PHP Bugs Me, or Where Type Coercion Causes Bugs

I really like PHP as a technology, both for its extensibility and its deployment style. I think it is the quickest and most straightforward platform to create web applications with, and frameworks like CodeIgniter make it even better.

I’ve long been on the fence regarding PHP’s type coercion and comparison issues, but a recent bug in Mantis Bug Tracker has made me /facepalm for the first time in my long history of working with PHP:

When I click on “Edit” next to 1.2, mantis shows me the 1.20 properties. When I click 1.1 it shows me 1.10!
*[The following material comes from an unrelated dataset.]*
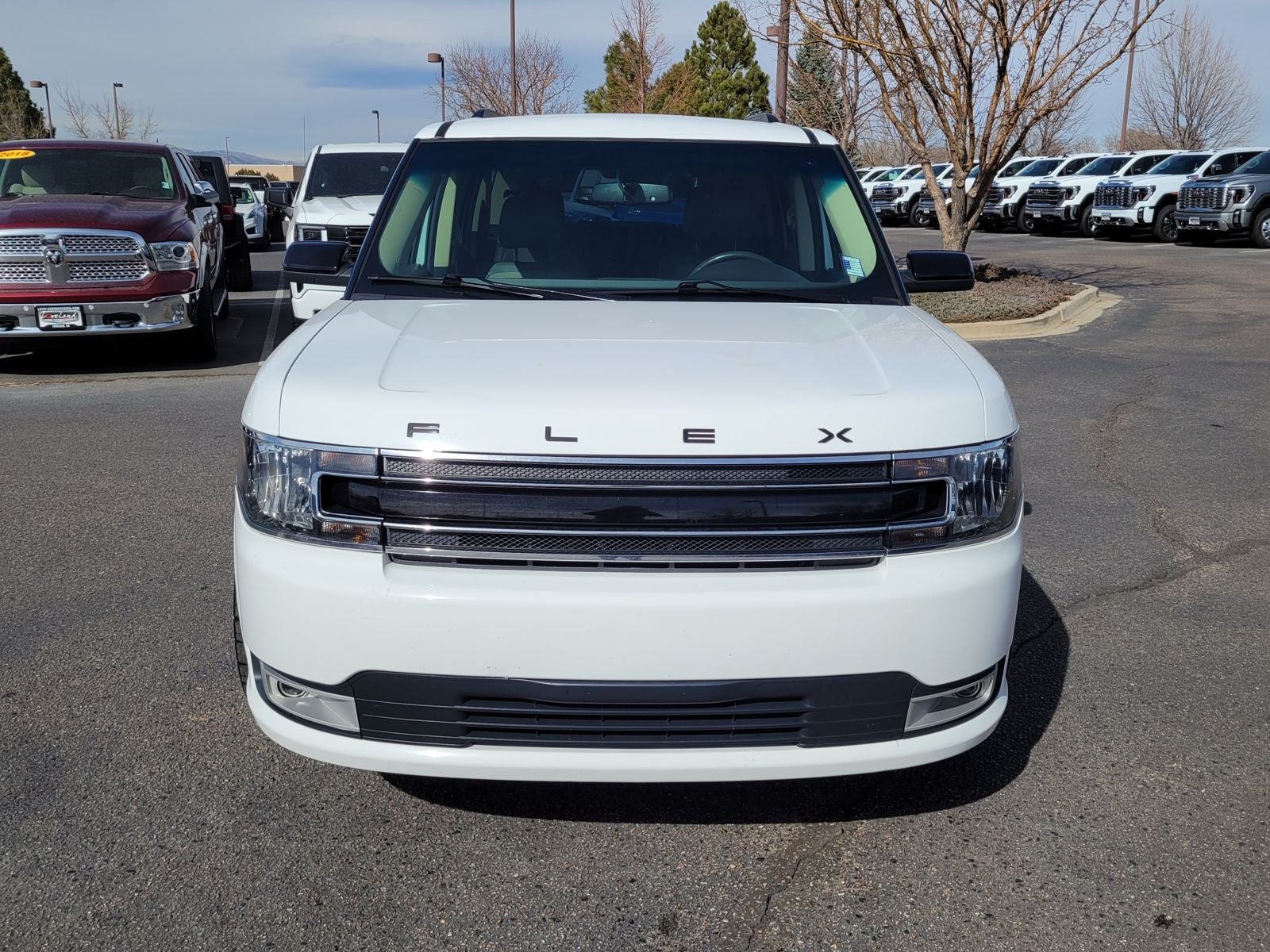 2019 Ford Flex SEL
The offending snippet of code:

foreach( $g_cache_versions as $t_version ) {
   if ( ( $t_version['version'] == $p_version )
      && ( $t_version['project_id'] == $c_project_id ) ) {
      return $t_version['id'];

At first glance, it seems perfectly normal… and then you read the commit log, emphasis mine:

This is due to an incorrect version name comparison in version_get_id whereby the following check between strings was occurring:

if( "1.1" == "1.10" ) { ... }

PHP evaluates this expression to true because 1.1 and 1.10 are treated as floats. We however need to preserve the string type during this comparison, thus we need to use the === comparison operator instead.